The moment remains both unforgettable and easily overlooked. Goalkeeper Maxime Crépeau’s game-saving, trophy-saving challenge to Philadelphia forward Cory Burke in the 110th minute of last year’s MLS Cup final preceded Gareth Bale’s thrilling equalizing header and the penalty shootout that sealed the deal on LAFC’s first MLS title, yet it ranks beneath those moments in most fans’ memories, even though Bale’s goal and the celebration that followed John McCarthy’s MVP performance as Crépeau’s replacement could not have happened without it.
Crépeau’s challenge also fractured his right leg, as every MLS fan knows. And Sunday night, following nine months of painful and painstaking rehabilitation, Crépeau played the game he loves again for the first time since his injury, starting in goal for LAFC’s second-team, LAFC2, in a 2-1 victory over MLS Next Pro opponent Tacoma Defiance.

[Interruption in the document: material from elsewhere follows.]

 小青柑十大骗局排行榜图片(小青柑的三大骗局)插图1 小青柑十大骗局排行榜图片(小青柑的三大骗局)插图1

“It’s been a hell of a road,” Crépeau said afterward. “Personally I was happy just to play again. To play, to enjoy it, to have fun. That was a big part that I’ve missed. Playing.”
It was not an easy matchday. First-place Tacoma came in riding a 7-game unbeaten streak, and the LAFC2 players who started in front of the 29-year-old Crépeau consisted of seven teenagers and three 20-year-olds— skilled prospects with bright futures, but not yet at the level of the Black & Gold stars who took the field with Crépeau in November 2022 for that fateful final.

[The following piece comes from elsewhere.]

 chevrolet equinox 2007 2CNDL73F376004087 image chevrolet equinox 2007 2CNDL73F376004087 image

After LAFC2’s Matheus Maia scored the opener in the 11th minute, Tacoma (the Seattle Sounders’ second-division squad) equalized when a chance caromed off the gloves of the diving Crépeauand into the path of Chris Aquino, whose tap-in made it 1-1.
Crépeau spent most of the evening shouting what he called “guidance” to his less-experienced teammates. They responded by limiting Tacoma to just five total shots, and two on target. LAFC’s stingy defending was rewarded in the 57th minute when forward Tamir Ratoviz received a clever pass from first-teamer Erik Dueñas and finished it to provide the final 2-1 result.
Crépeau’s comeback, documented by his club and by the Los Angeles Times, had included a missed opportunity to play in last year’s World Cup. Crépeau had been selected to Canada’s roster for the game’s grandest competition, but his injury in the MLS Cup final cost him a trip to Qatar–in addition to the first 33 games of LAFC’s current season. All that seemed behind him, though, after Sunday’s final whistle, when a smiling Crépeau was congratulated by teammates a decade his junior.
“I’m tired but all good,” he said with a laugh. “I can train 5,000 hours during the week [but] it’s not the same as a game … I’m not in pain so life is good.”
Crépeau did not give specifics when asked when he might return to LAFC’s first team, calling Sunday’s match merely “part of the plan.” The club stands in second place in the Western Conference standings as it prepares to play its first Leagues Cup match on Aug. 2 at BMO Stadium.
Having finally cleared the physical and psychological hurdle of playing a competitive match, LAFC’s top goalie last season exuded confidence about what lies ahead. “That 90 minutes is gone,” Crépeau said. “I can do anything now.”